Maps, I love maps!I must admit, I find maps sexy. I can look at them all day. Given the opportunity to go into the military, I'd immediately sign up as a navigator in the Navy. Except I get violently sea sick, so that is not really an option. So I thought this assignment would be just ducks-until Schwartz's article on Railroads and Population in England. Now I know why I want to become a cultural historian, not a social historian. I realize this sentiment is anathema at GMU, but no one seems to read this blog, so I figure I'm safe from everyone except Josh. Schwartz created a good primer for the use of statistical data and using maps, but I find this kind of history to be, well, dull. He shows how to choose the proper format of graph or map, and how to set up equations. However, I am currently reading E.P. Thompson's The Making of the English Working Class for historiography. This book, written in 1964 covers approximately the same time period. But Thompson's analysis is quite different, because he covers such factors as food prices, wages, religious practices, and political awareness. Schwartz may be using raw data and primary sources, but he covers only a few factors. Thompson uses secondary sources, along with personal annectodes and close readings of the literature reportedly read by the working class and the upper class at the time. Who is more accurate? Don't fall into the trap of --"well, Schwartz can show his findings mathematically." Remember, he is dealing with means and averages. If the average American family has 2.5 children--what does that .5 car seat look like? Seriously, I can appreciate Schwartz's approach, and I can immediately see the value in it. Someday, I just may have to hold my nose and use his methodology.
I'll take my family to Yorktown this coming weekend--its the 225th anniversary of Cornwallis' surrender. Supposed to be great. I'll visit Williamsburg and report on the pod-cast. It is a good idea--but is it meant to take the place of live demonstration, or to be listened to at one's leisure at a later time? We'll see.
I hope David Ramsey will adopt me, and I can move into his house--can you imagine all those maps? His site is terrific-the internet tour will fill an hour of your time, and you won't regret it. I can see so many classroom applications for his software. As I have written in an earlier blog, combining maps with computers allows you to show changes over time--and that can really enhance any lecture. Think westward movement, railroad construction, colonization, sea voyages, and you start to see the myriad of possibilities.
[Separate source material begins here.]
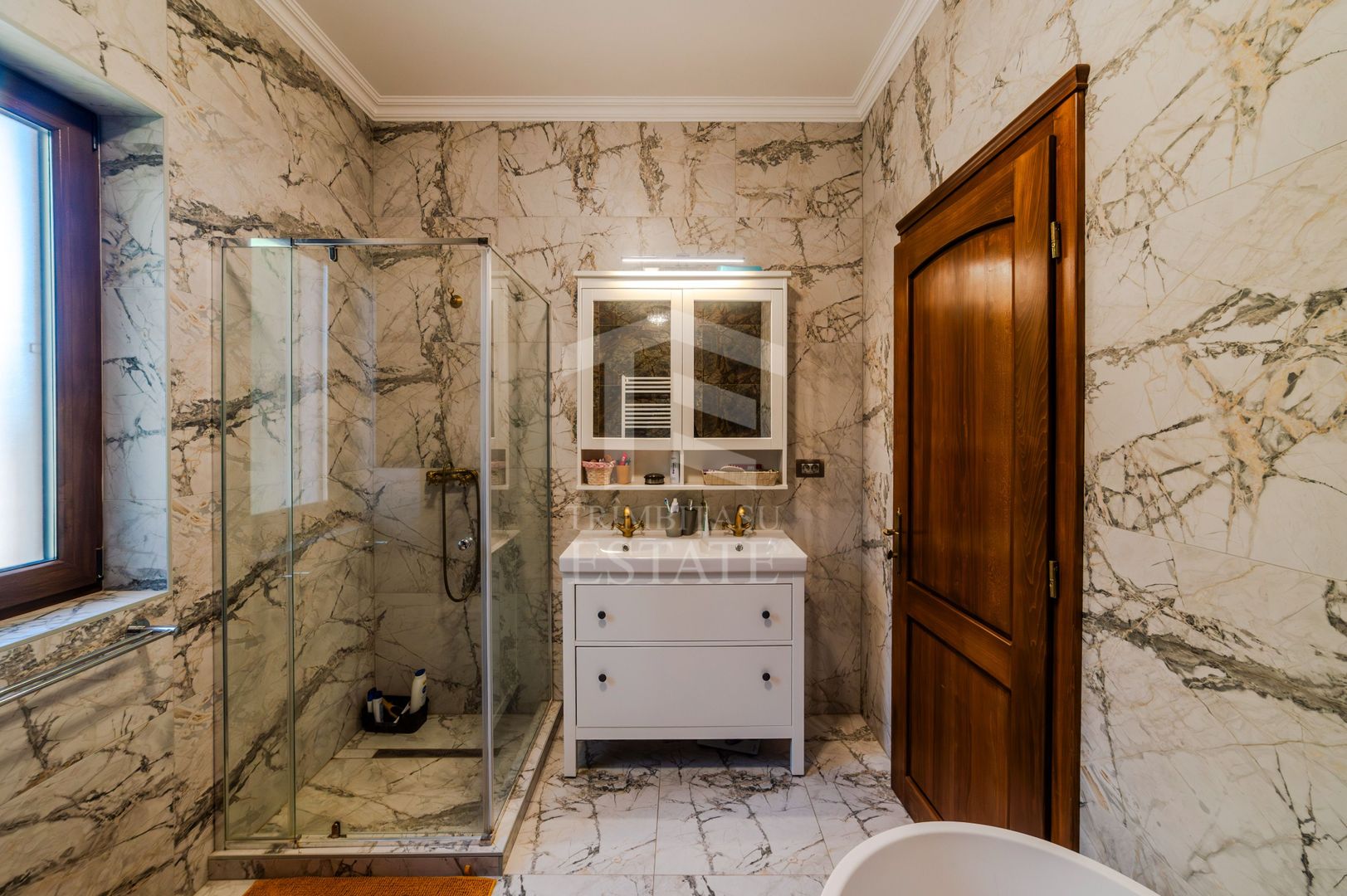 Casa pe parter premium cu piscina in Chisoda independenta energetic - Poză 19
Thank goodness for Google maps. In 1998 we did a project in the Czech Republic that called for demonstrating an army's movement over terrain. Our plan was to get a good quality topo map, and put it in World-Builder. The map store in Prague would not sell Americans topographic maps--seems they were still a bit touchy about the NATO/Warsaw Pact thing. So we had to find a frienly Czech to go in a buy one for us. And yes, we did feel like kids hanging outside a liquor store! Now I can get that free. Gotta love this technology!